* [TASK DIRECTIONS] Begin with the line that holds "Bộ chuyển Type" and retype through the last line of the listing below, exactly; pictures are not part of the copy.

* [INFORMATION PROVIDED]
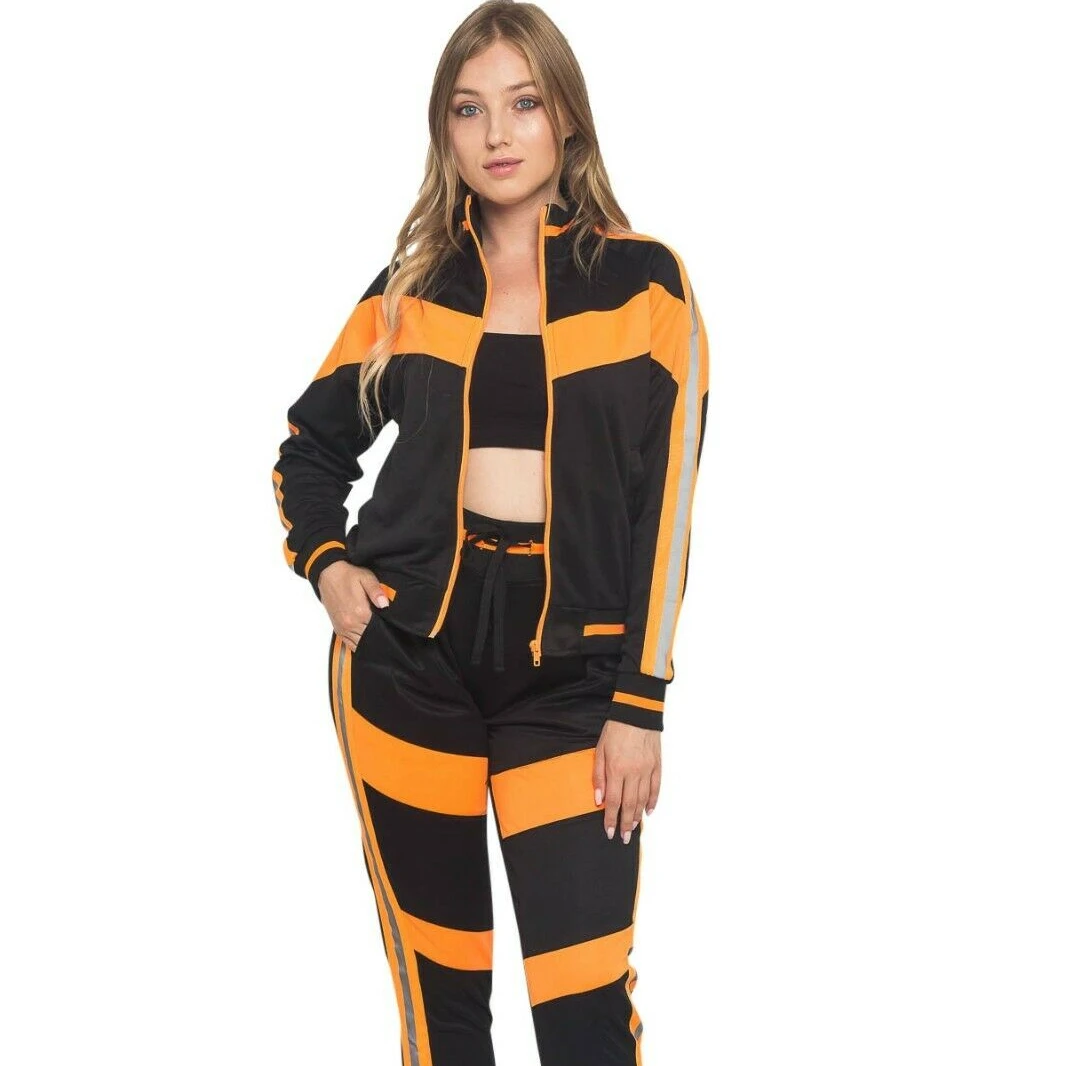 wholesale color bock women joggers outdoor training tracksuits / custom made sweatsuit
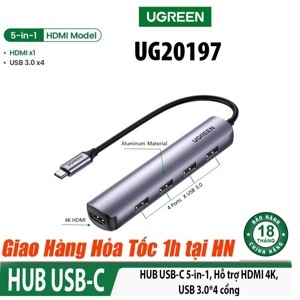 Bộ chuyển Type C to HDMI + 4 cổng USB 3.0 Ugreen 20197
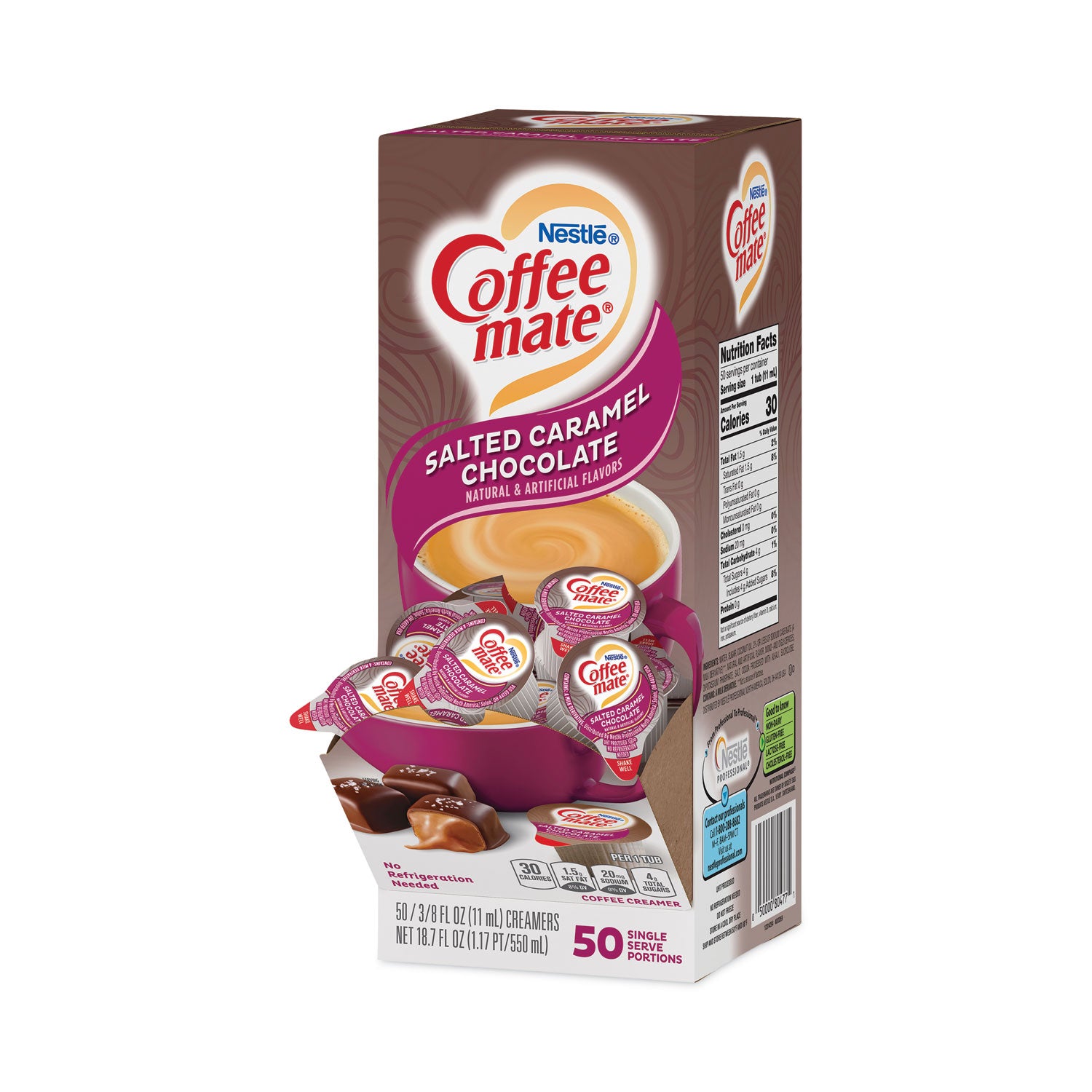 liquid-coffee-creamer-salted-caramel-chocolate-038-oz-mini-cups-50-box-4-boxes-carton-200-total-carton_nes77197ct - 2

* [SOLUTION TO THIS TASK]
 Bộ chuyển Type C to HDMI + 4 cổng USB 3.0 Ugreen 20197
 liquid-coffee-creamer-salted-caramel-chocolate-038-oz-mini-cups-50-box-4-boxes-carton-200-total-carton_nes77197ct - 2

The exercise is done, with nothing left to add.